*** Begin section ***

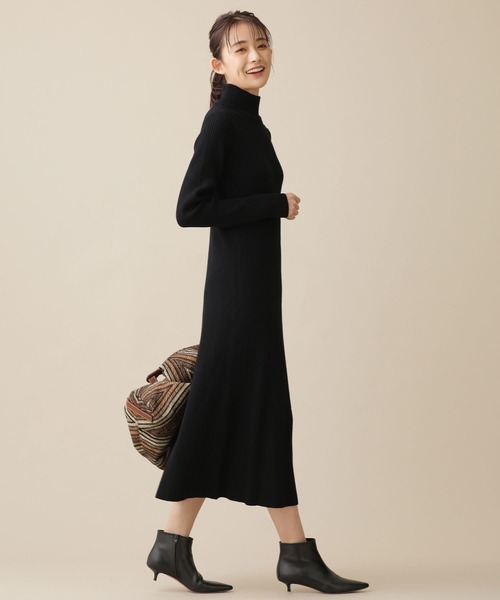 NANO universe（ナノユニバース）の「タートルフレアリブニットワンピース 長袖（ワンピース・レディース・ブラック/ベージュ/レンガ・FREE）」の11枚目の写真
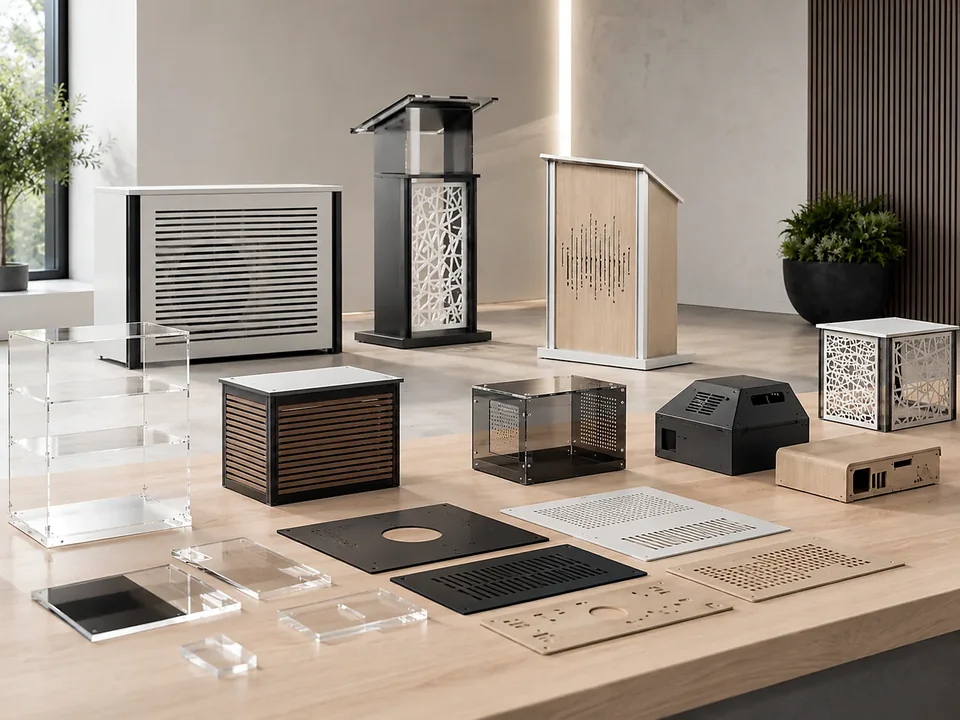 Voorbeeldcollectie van technische behuizingen, kappen en frontpanelen.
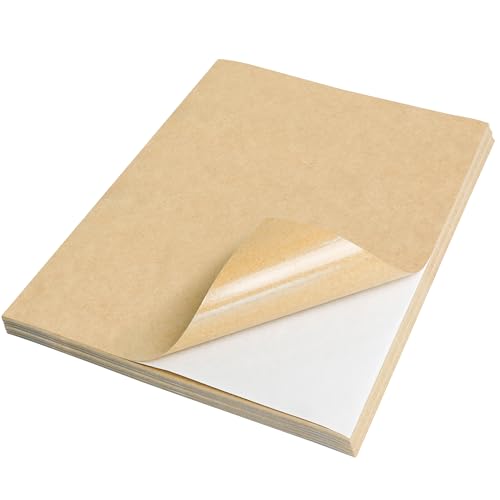 NATURALABEL 100 Sheets Printable Kraft Sticker Paper for Laser & Inkjet Printers - Full Sheet Self-Adhesive Craft Labels, Matte, Letter Size (8.5' x 11')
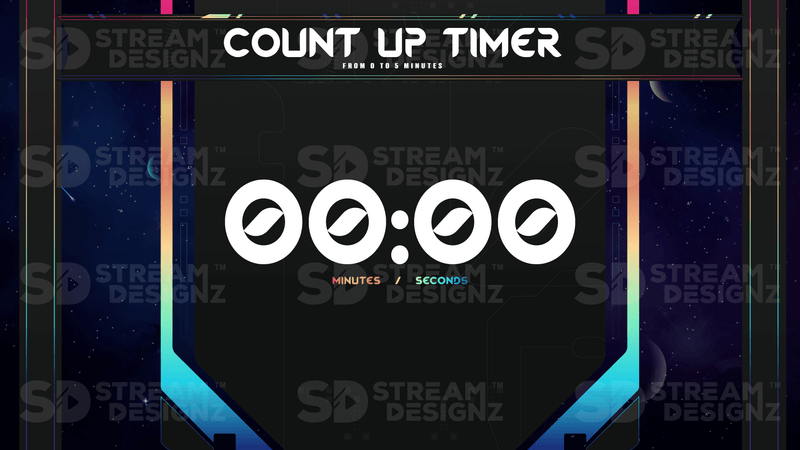 5 minute count up timer preview video galaxy stream designz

*** End section ***

- _Task_
Word for word, return the material, omitting the pictures.

- _Solution to this exercise_
 NANO universe（ナノユニバース）の「タートルフレアリブニットワンピース 長袖（ワンピース・レディース・ブラック/ベージュ/レンガ・FREE）」の11枚目の写真
 Voorbeeldcollectie van technische behuizingen, kappen en frontpanelen.
 NATURALABEL 100 Sheets Printable Kraft Sticker Paper for Laser & Inkjet Printers - Full Sheet Self-Adhesive Craft Labels, Matte, Letter Size (8.5' x 11')
 5 minute count up timer preview video galaxy stream designz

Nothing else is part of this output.